ジョルジオ アルマーニ ビューティのインターナショナルメイクアップアーティストであり、世界的なトップアーティストでもあるリンダ・カンテロが来日。彼女とのブレックファーストミーティングに参加してきました。

 

リンダ・カンテロは、90年代後半にカネボウのテスティモのCMで、女優の小雪と競演。そのCMでは、アイメイクを“指塗り”で、しかも濃密なネオン発色で仕上げるという、当時としてはセンセーショナルなテクニックとメイクアップでインパクトを与えたことから、覚えている人もいるかもしれません。

 

彼女は当時からVOGUEの表紙をはじめ、多くのファッション誌のカバーを担当し、2000年には“The Legendary Linda(伝説のリンダ)”という特集がアメリカンVOGUEで組まれるほどにカリスマ的存在に。さらに、トム・フォード時代のグッチのコレクションでは、スモーキーアイやニューヌードなど、数々の新しいスタイルを創出。現在はジョルジオアルマーニで数多くのクリエーションを手掛けています。

 

前置きが長くなりましたが、そんな彼女とのミーティングで、どうしても質問したかったことがありました。
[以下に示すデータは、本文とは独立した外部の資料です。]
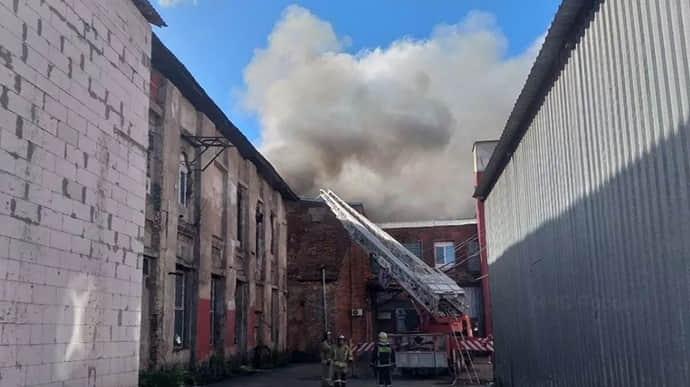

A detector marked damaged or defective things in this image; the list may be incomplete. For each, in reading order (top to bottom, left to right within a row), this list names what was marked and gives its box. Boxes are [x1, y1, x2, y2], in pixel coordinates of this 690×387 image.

damaged roof [130, 0, 165, 26]
damaged roof [152, 33, 296, 202]
damaged roof [472, 0, 596, 199]
broken window [432, 241, 454, 268]
broken window [173, 266, 189, 348]
broken window [208, 278, 224, 348]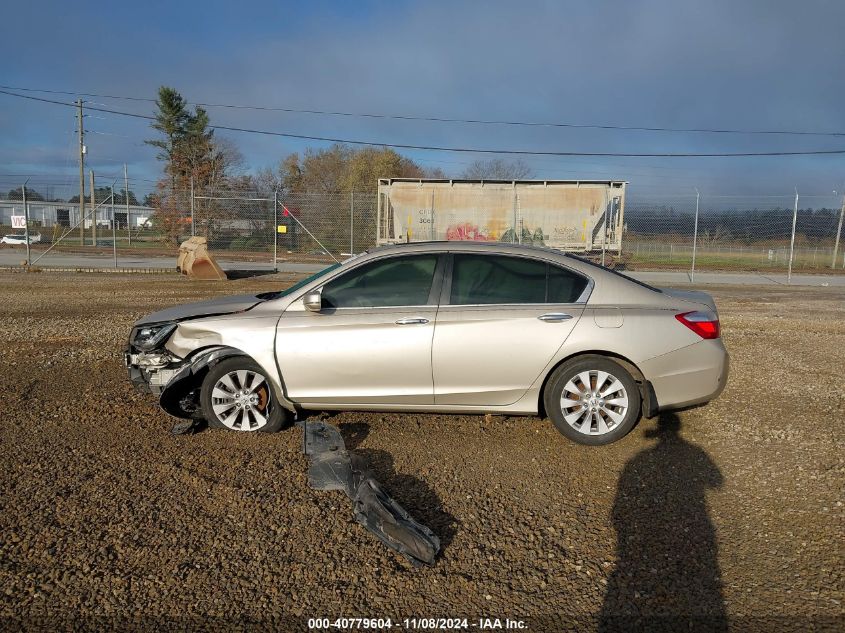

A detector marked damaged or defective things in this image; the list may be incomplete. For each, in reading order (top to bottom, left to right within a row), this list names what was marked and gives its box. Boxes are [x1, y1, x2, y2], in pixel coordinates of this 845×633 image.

crumpled hood [135, 294, 264, 326]
crumpled hood [656, 288, 716, 314]
broken headlight assembly [131, 324, 177, 354]
damaged silver sedan [123, 241, 724, 444]
detached bumper piece [308, 422, 442, 564]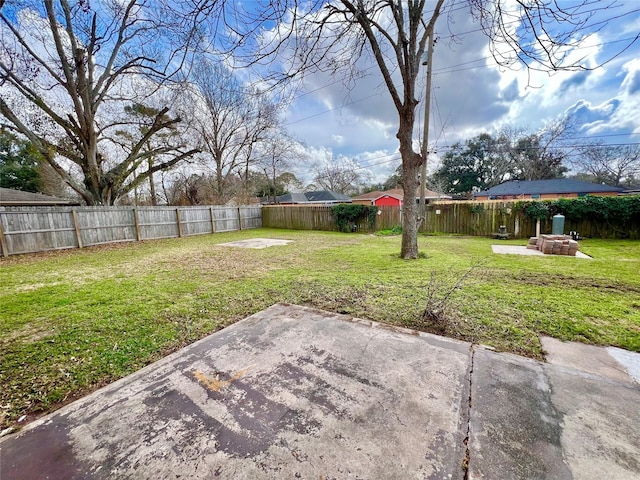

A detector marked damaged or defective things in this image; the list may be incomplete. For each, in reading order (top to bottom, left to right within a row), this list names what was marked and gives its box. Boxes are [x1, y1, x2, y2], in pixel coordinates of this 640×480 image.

cracked concrete [1, 306, 640, 478]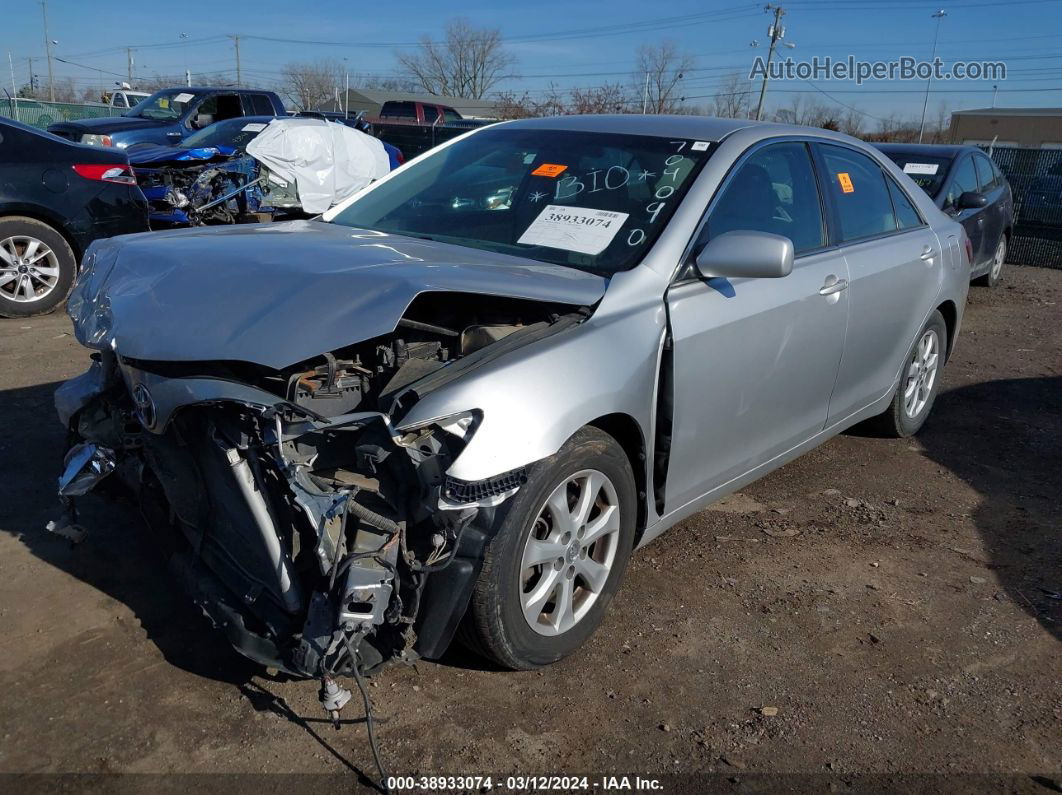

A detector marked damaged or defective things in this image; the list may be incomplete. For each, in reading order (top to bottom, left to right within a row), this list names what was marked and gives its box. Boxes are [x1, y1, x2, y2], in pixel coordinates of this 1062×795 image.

white tarp over wrecked car [246, 117, 392, 214]
crushed hood [68, 219, 607, 369]
damaged front end [53, 284, 590, 675]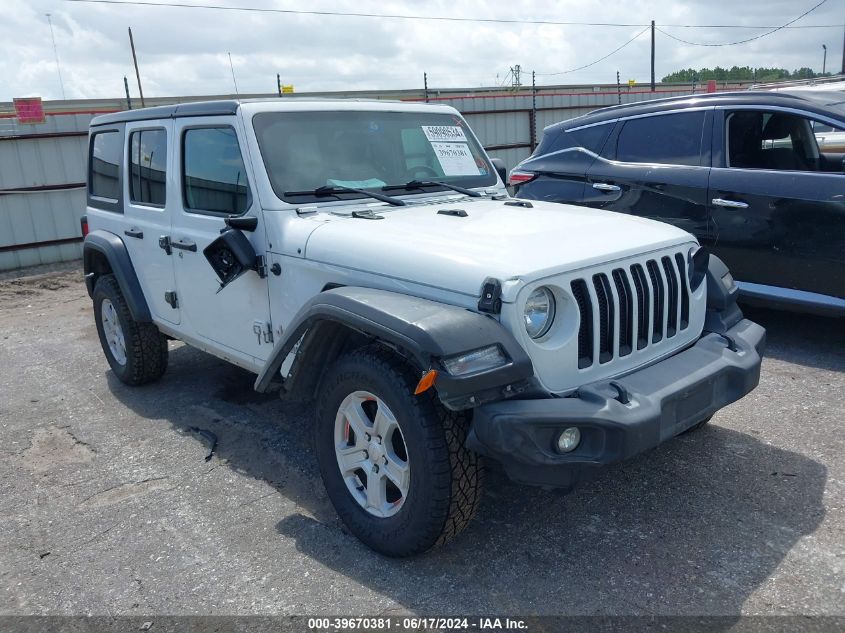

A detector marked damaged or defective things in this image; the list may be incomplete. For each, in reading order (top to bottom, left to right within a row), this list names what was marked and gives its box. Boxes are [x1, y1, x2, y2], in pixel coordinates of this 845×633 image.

cracked asphalt [0, 260, 840, 616]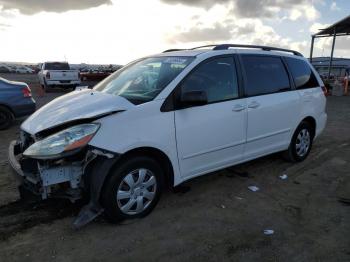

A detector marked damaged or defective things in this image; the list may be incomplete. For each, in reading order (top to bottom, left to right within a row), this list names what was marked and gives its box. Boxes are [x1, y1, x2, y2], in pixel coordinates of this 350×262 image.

crumpled hood [21, 90, 134, 135]
broken headlight [23, 123, 100, 160]
damaged front end [7, 124, 119, 228]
それは、「メイクアップ業界で世界的なフロントランナーとして活躍し続けるうえで、心掛けていたのはどんなことか?」という質問。

 

つい先日、ヘアスタイリストのカリスマである、故・須賀勇介さんに師事していた、ヘアメイクアップアーティストの水島裕作さんと話をしていた時、須賀さんは「常に一流の環境に身を置くこと」を心掛けていたということを知り、リンダさんはどんなことを意識していたかに非常に興味を持っていました。

 

ただ、超多忙なリンダさん。当日は質問の答えを聞く間もなく、ミーティングはタイムアップとなってしまいましたが、なんと! 後日、この質問にメールで答えてくださり(しかも、とても丁寧に!)。しかも、それが非常に胸熱なメッセージでしたので、ぜひここにご紹介したいと思います。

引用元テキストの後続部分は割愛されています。